Start of Block

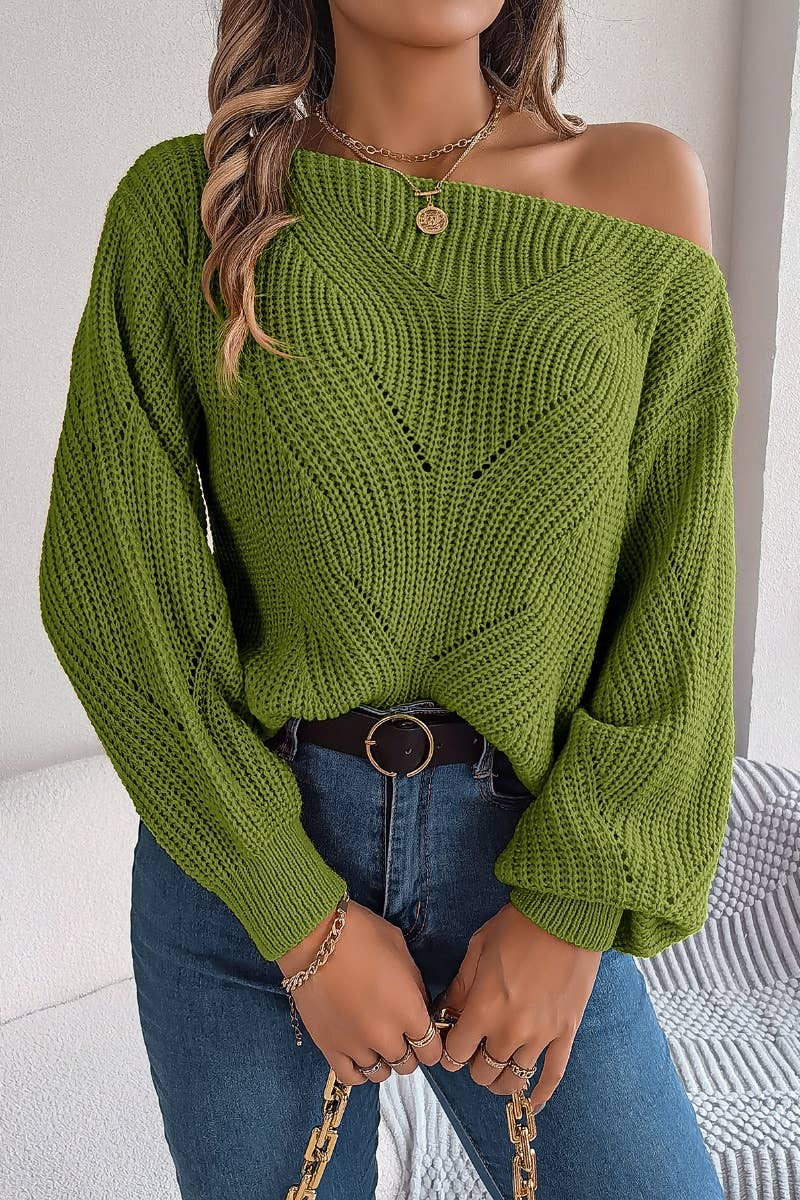 CWOSWL6365_OFF-THE-SHOULDER LONG-SLEEVED CUT-OUT SWEATER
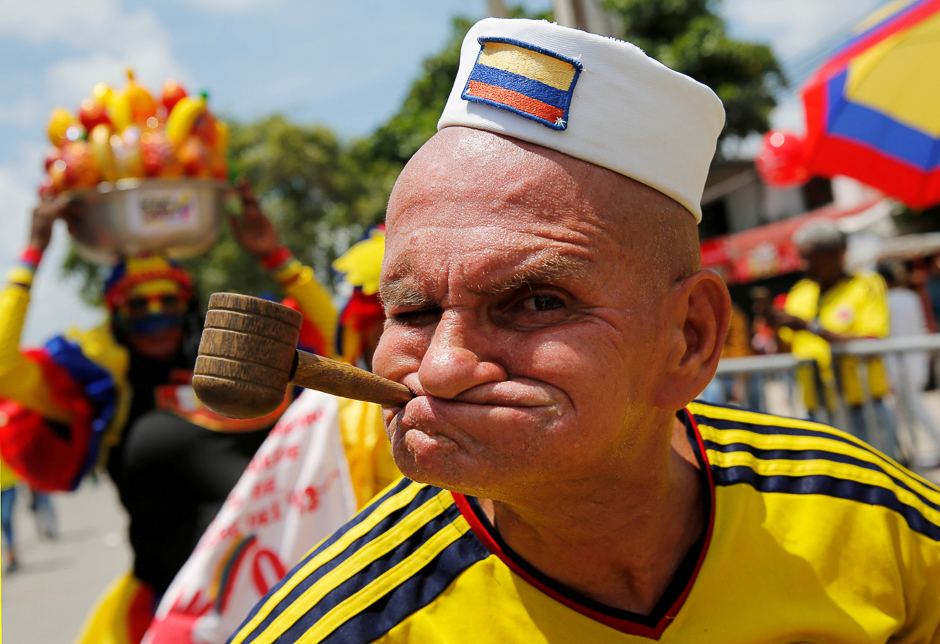 A fan of Colombia before the match between, 2018 World Cup Qualifications, Colombia v Brazil, Barranquilla PHOTO: REUTERS
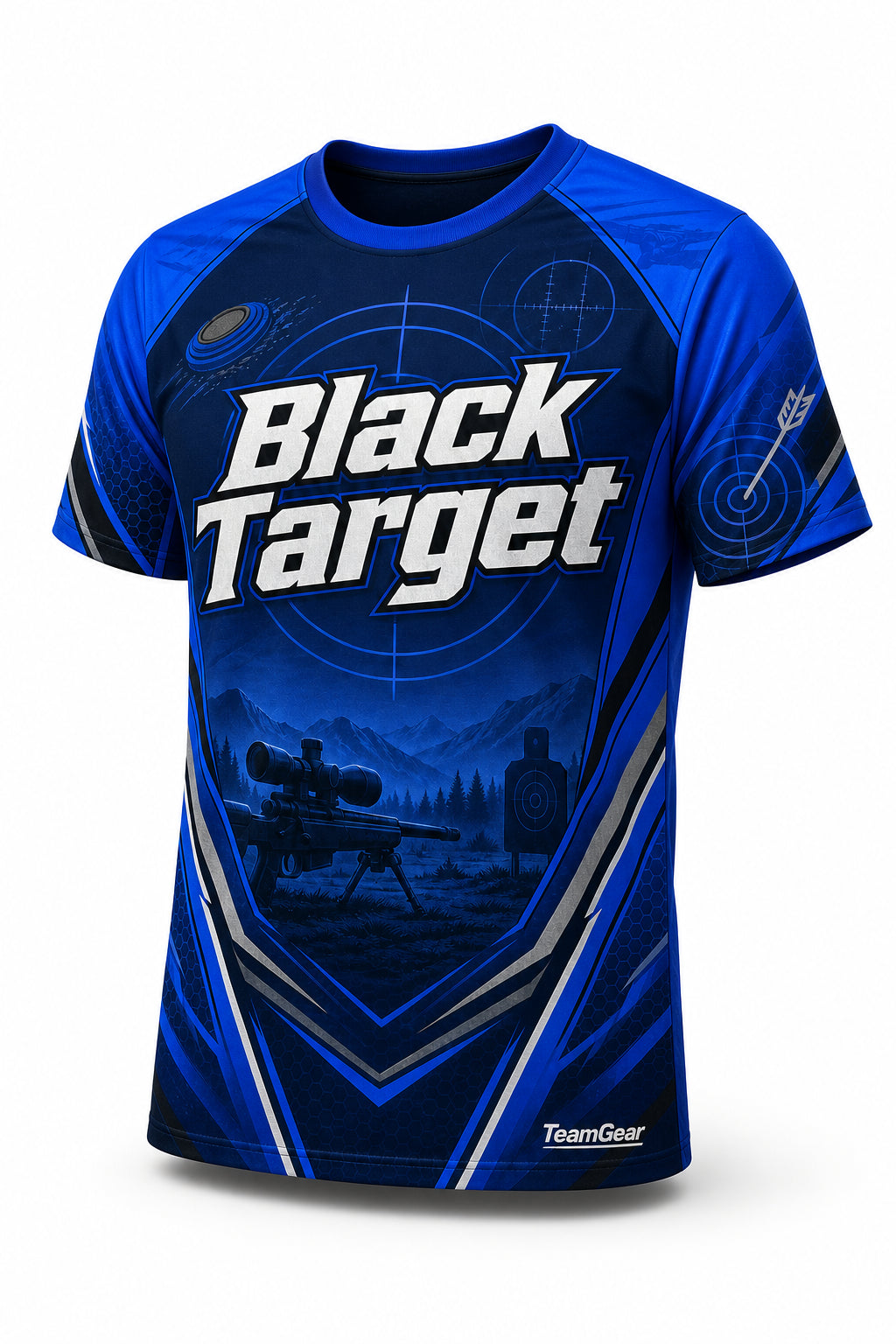 Black Target Blue Shooting Jersey - front and back view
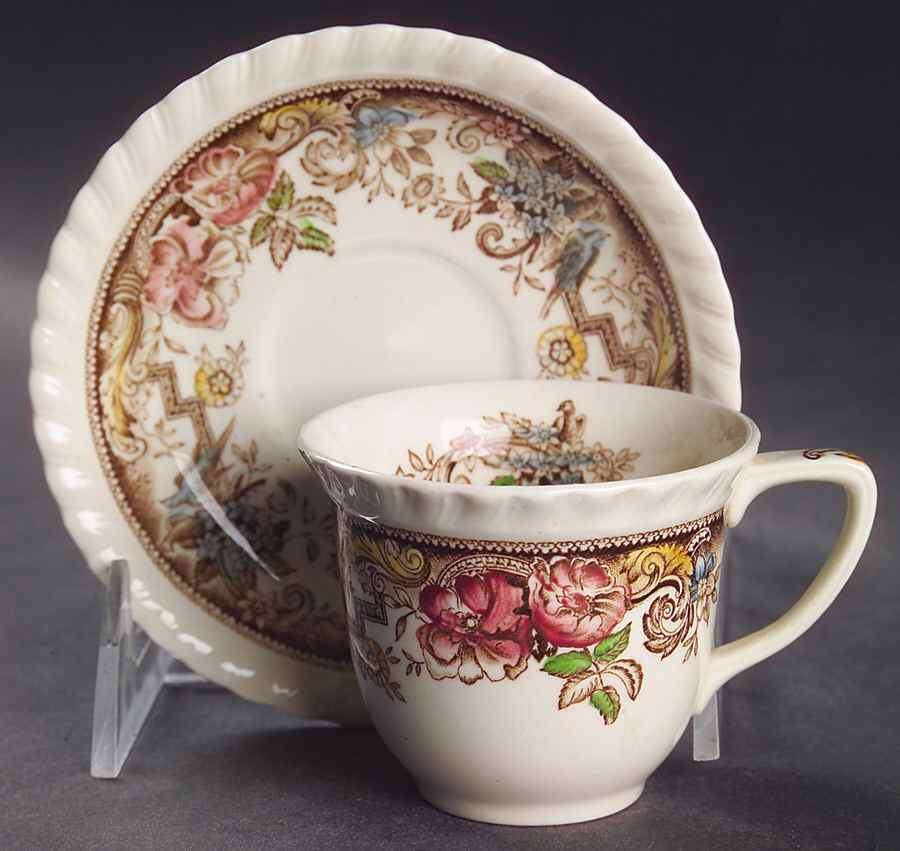Devonshire Brown Multicolor Flat Demitasse Cup & Saucer Set by Johnson Brothers-1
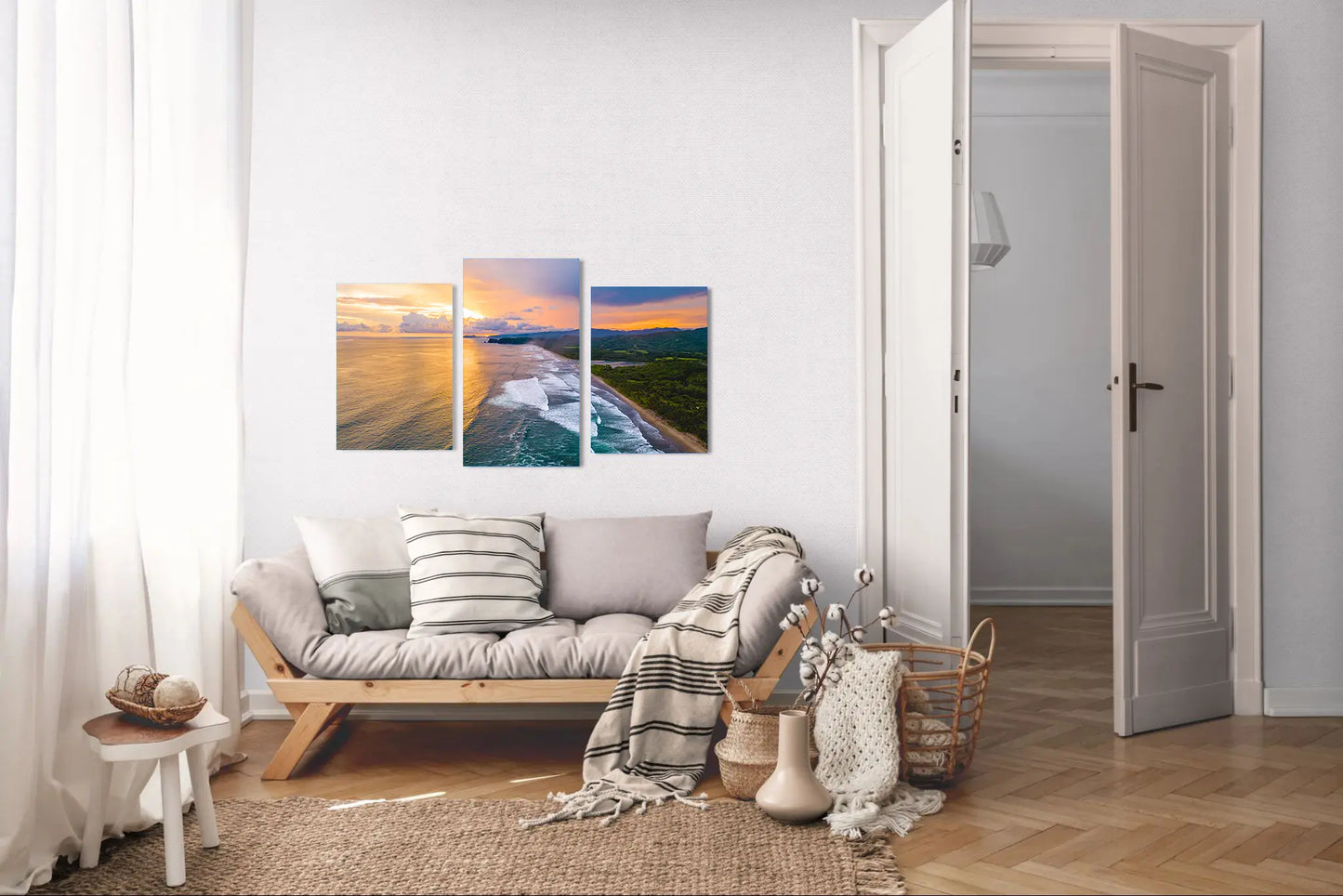 Golden Mirage - Costa de Oro Sunset Aerial Wall Art Print | Jungle Meets Ocean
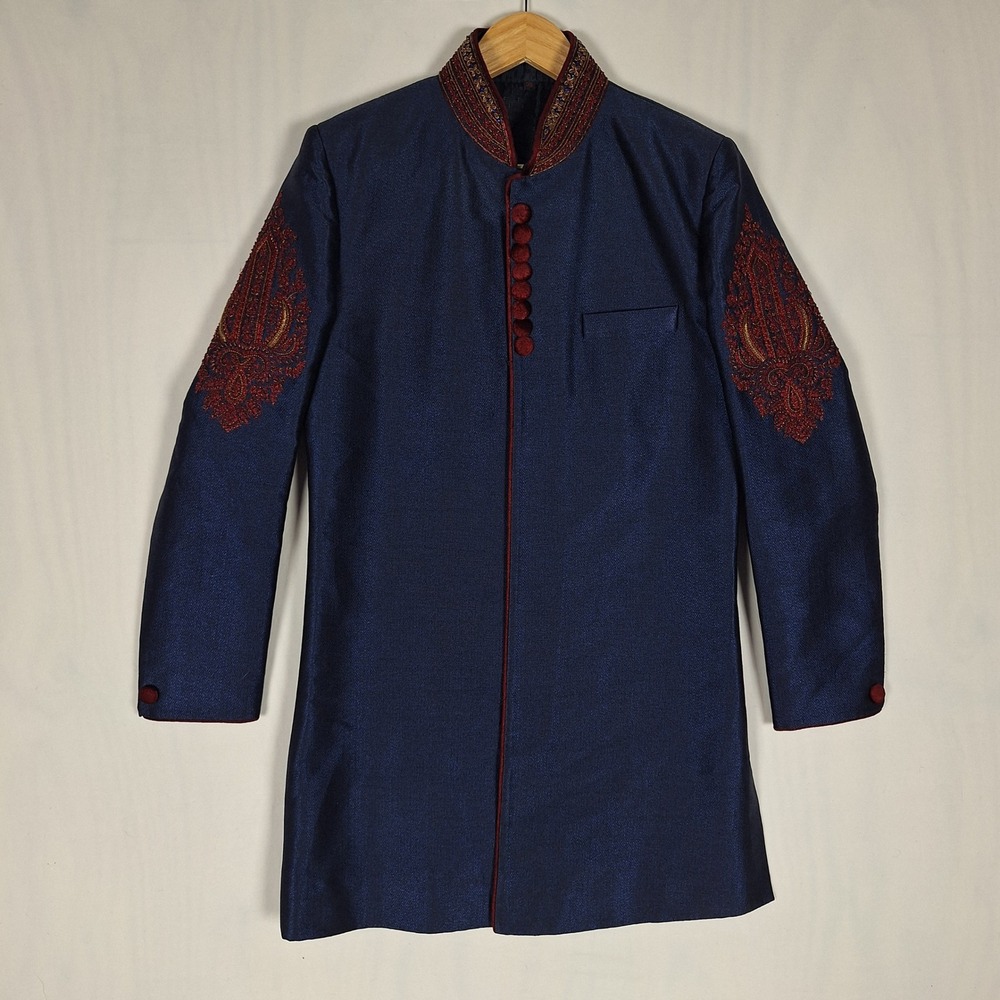 Azania Sherwani Jacket Indian Formal Embroidered Navy Blue Size 38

End of Block

REQUIRED WORK: Pictures stay out. Print the lines of the records above exactly, from the first through the one with "Black Target Blue".

TASK OUTPUT:
 CWOSWL6365_OFF-THE-SHOULDER LONG-SLEEVED CUT-OUT SWEATER
 A fan of Colombia before the match between, 2018 World Cup Qualifications, Colombia v Brazil, Barranquilla PHOTO: REUTERS
 Black Target Blue Shooting Jersey - front and back view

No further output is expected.